As his customers made their selections, Mr. Bertelli would place them on the scale that hung from the back of his truck. He would put the produce in a brown paper bag, call out the price and with the pencil that he had sandwiched between his head and right ear, he would mark it on the bag after he had wet the tip of the pencil with his tongue.
“Mr. Bertelli. Do you have any watermelon?”, I asked. (I didn’t see any in his truck – but I was hopeful). I loved watermelon.
“Notta taday”, he said in his heavy Italian accent. “But Ima pretty sure we gonna havea next week.” And he reached into one of the baskets and handed me a beautiful large plum. He said, “Take – issa good.” I took the plum and thanked him. The plum was juicy and sweet.
Monday of the next week brought Mr. Bertelli back on his route. No watermelon. Wednesday – still no watermelon. Friday – it had to be the day. But as grandma and I went down to look at his produce, I could see from a distance there were no watermelons on the truck. Utter disappointment. I was sure that today I would enjoy the first watermelon of the summer.
“Mr. Bertelli”, I said. “I thought you were going to have watermelon this week.” He smiled at me and said, “I gotta. I gotta lottsa watermelon – butta not on dissa truck. My son, Vincenzo he a coming wid dem in about 10 minute.
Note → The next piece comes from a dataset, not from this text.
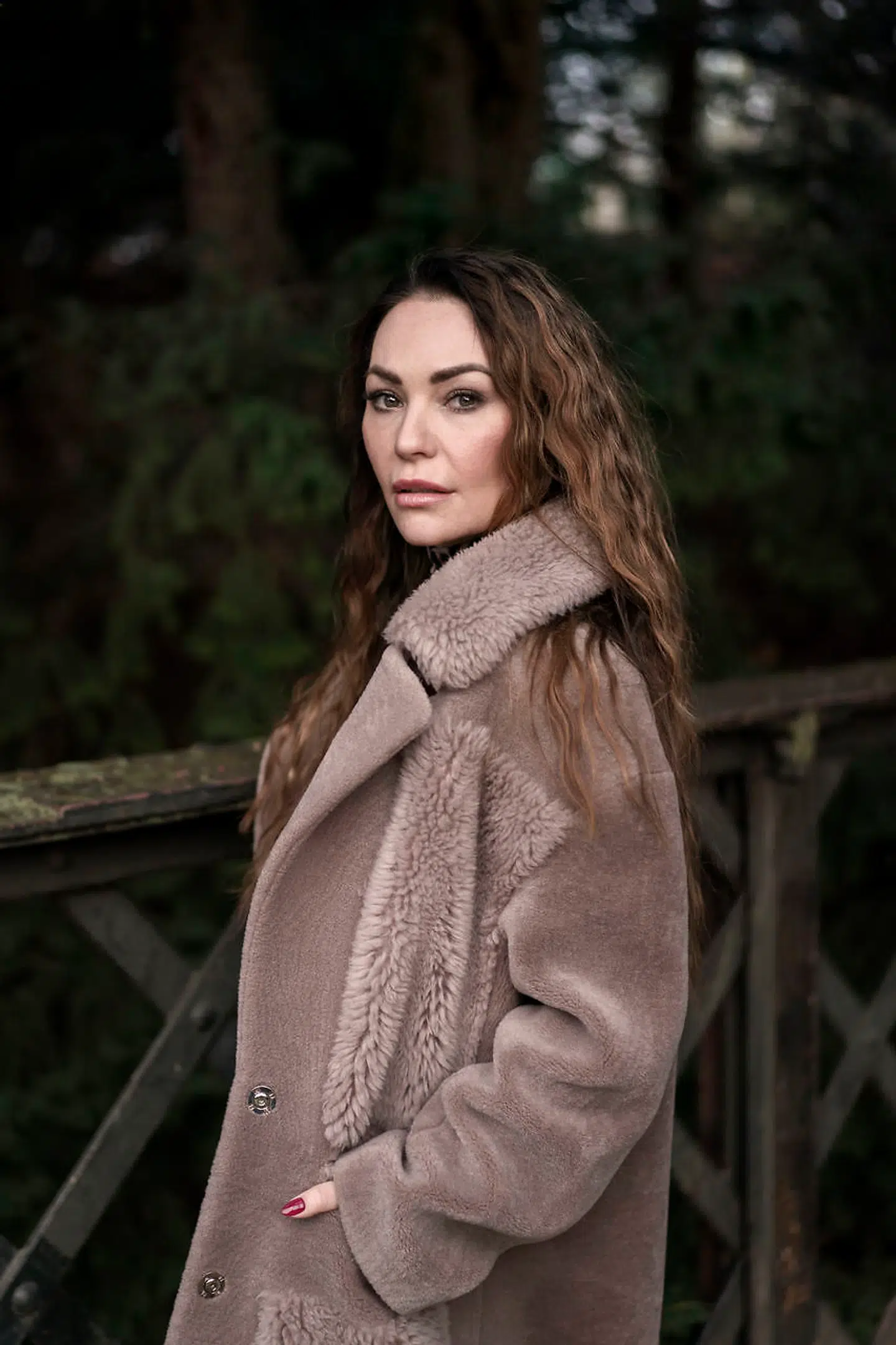 Mascha Vang bor i dag sammen med sin kæreste og forlovede, Troels, i Kolding, sammen med Maschas datter fra et tidligere forhold, Hollie Nolia, og hans to børn. Hun har også en lejlighed i København, som hun er i flere gange om måneden. Her er hun fotograferet i Ørstedsparken.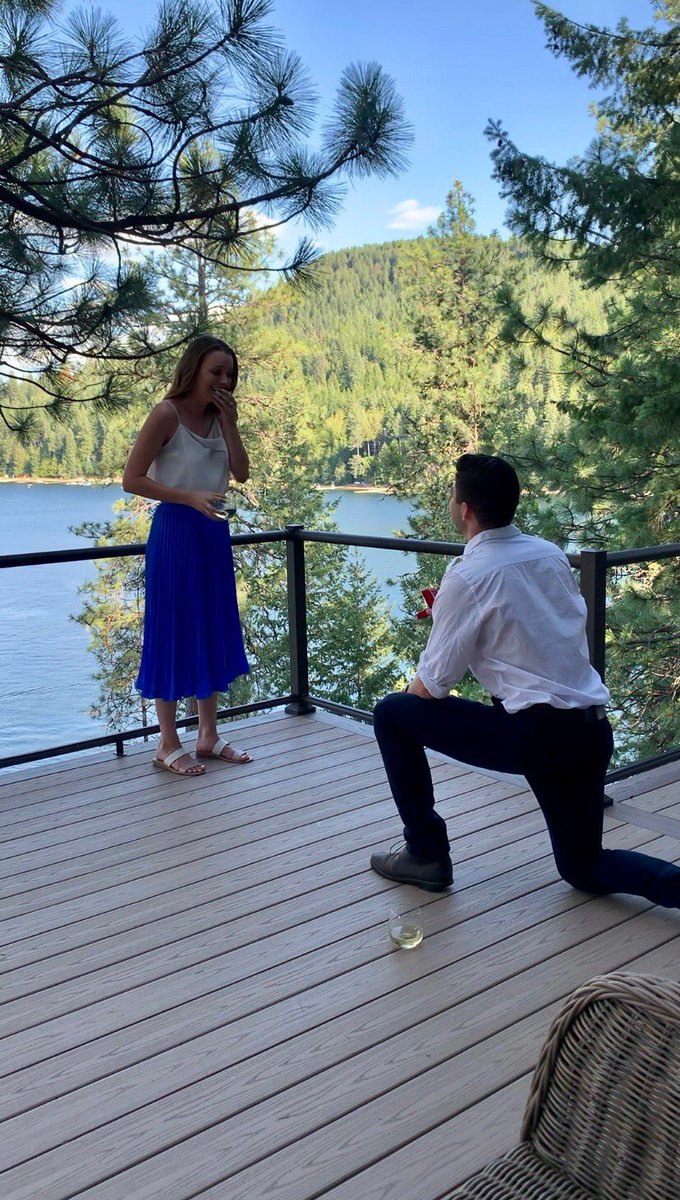 krswsesrs44's tweet photo. Well the day arrived Cathy and yβall πβΊοΈβ€οΈπ #Engaged #PoppedTheQuestion #Yippee @keionib @NancyBinCO @ruthjccassidy @karibear09 @pscoordsen13 https://t.co/7URdzjf5St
He gotta truck is nothing butta watermelon.” And sure enough Vincenzo came as promised, his truck loaded with huge, wonderful watermelons – $1.00 each.
Grandma and I selected one – but it was so big and heavy we had to ask Joe to drive it back to our cabin in his pickup truck.
Grandma carved the watermelon in quarters and then cut a generous slice for each of us. She put my piece on a dinner plate and I went to it, nibbling a bit off the top and working my way through the melon down to the rind, the juice from the delicious fruit dribbling down my face and chin. I was in heaven!
For the next six weeks we bought watermelons from Mr. Bertelli. And then the season was over. There would be no more until the next summer.
I still love watermelon. But now, no matter the time of year, I can usually find it in the store. It’s always summer somewhere.
Perhaps for that reason, it just doesn’t taste quite as sweet as when I was a child.